Not long after that phone call, I had a dream. It wasn’t the first time I had it, but this time the dream would have new meaning to me. I was on a high bridge, sort of like the Golden Gate. And there were thick clouds all around me, a fog. I was walking, but couldn’t even see where my feet were stepping. All of a sudden, the clouds parted and I could see that the water was black. Not muddy, just black, and roiling. I heard a voice in this dream. “I have suspended you high above the troubled waters. Keep moving forward. You are headed in the right direction.”
When I awakened from the dream, I had such a sense of peace. I knew that the troubled waters had been hatred and God had guided me over it and away from it. I would not take that plunge, and I was so thankful. Hatred is a self-inflicted wound. And it is so destructive. I never felt any hatred for Bryant and Milam. And I didn’t want them to be executed. I wanted justice. I wanted them to be sorry. I wanted the state of Mississippi to be sorry. I want it still.
My great disappointment in listening to Bryant was not in what I heard him say, the insults, the obscenities. No, the disappointment was with what I didn’t hear him say. He spoke no words of remorse. Bryant and Milam left a lot of people damaged. But as horrible a crime as they committed against my little boy, against me, against society, their true crime was against God. They were given enough time to redeem themselves, to show remorse, to beg forgiveness. And it seems that they refused to do it. As I taught my kids, life is all about choices. Bryant and Milam made a terrible choice, the most expensive one of their lives. It cost them their eternal souls. I feel so very sorry for them. In this world, they only had Mamie to deal with.
In February 1993, Uncle Crosby died. I had always felt a special closeness to him. For one thing, he was my mother’s favorite brother, and she always looked out for him, for his kids and his grandchildren. Not long after he moved to Argo—right next door to us—Mama even handled his money for a while. When I was younger, I never really understood why Uncle Crosby moved back to Mississippi, since everyone else seemed to be coming the other way. But there are some things you don’t understand until it’s time for you to understand. That time would come. Uncle Crosby was there in Mississippi when we needed him the most. He brought Emmett home. There was no amount of intimidation that could have stopped him from doing that, or from returning to Mississippi to live out his life.

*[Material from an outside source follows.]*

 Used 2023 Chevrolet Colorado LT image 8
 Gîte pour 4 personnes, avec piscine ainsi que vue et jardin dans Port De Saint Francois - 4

I have been blessed to have known quite a few heroes in my life. Ordinary people who are moved by nothing more than a sense of moral obligation. They don’t get headlines or parades or medals. Like Uncle Crosby, they don’t expect any of those things. Like Uncle Crosby, they just do what they can’t help doing. They rise to the occasion.
CHAPTER 27
So many people drew so much inspiration from Emmett Till over the years. Of course, there were those who were moved to action. People took stands they had never taken before, spoke out in ways they had never imagined before, got involved in ways they might never have considered before. But Emmett inspired art as well as activism. Gwendolyn Brooks and Langston Hughes wrote poems, Bob Dylan, a song. Rod Serling wove themes of Emmett’s story into several teleplays. In fact, I was invited once to serve on a panel to discuss these themes in his work. I was struck by words that hit so close to home, words Serling wrote at the conclusion of a 1958 Twilight Zone episode, defying network censors and national sensibilities to tell us that “prejudices can kill, and suspicion can destroy. And the thoughtless frightened search for a scapegoat has a fallout all of its own for the children and the children yet unborn.…”
There was more to come. Bebe Moore Campbell’s novel Your Blues Ain’t Like Mine explores, in part, how people live with the memory of such horrors as the murder of a child. And there were several plays, including one written by Toni Morrison and, of course, James Baldwin’s Blues for Mister Charlie, which he dedicated to Medgar Evers, to Myrlie, and to their children, as well as the children who were murdered in Birmingham. The attention to children certainly has very special meaning. James Baldwin wrote in his “Notes for Blues” that we all have a special responsibility to try to save the most wretched man among us, and if we can’t do that, at least we should “begin working toward the liberation of his children.”
Even as I had sat there listening to Bryant spewing all that hatred on the three-way telephone hookup, I thought again about his children. His and Milam’s. I thought about them with love. Their wives had left Bryant and Milam, and I wondered whether the children had been saved from the terribly ironic burden of earning their fathers’ love by adopting their fathers’ hatred.
Saving children, serving children is what my life has been about. That is why I wanted for so many years to join all those who had written about Emmett. I wanted to tell the story myself. I had come close. But only close. I had cooperated with scholar Clenora Hudson-Weems, and was pleased to share my recollections for the research for her dissertation on Emmett, which was later published. Still, I wanted to do my own book, my own story. There were other writers who wanted to do a slick Hollywood version with an Emmett Till his own mother wouldn’t recognize. And there were book authors, collaborators, who would fail to deliver. Oh, I was so very disappointed by the false starts and the people who would remove documents from my files on the promise that my story would be written. It was heartbreaking for me to have so many promises broken, and so many documents never returned.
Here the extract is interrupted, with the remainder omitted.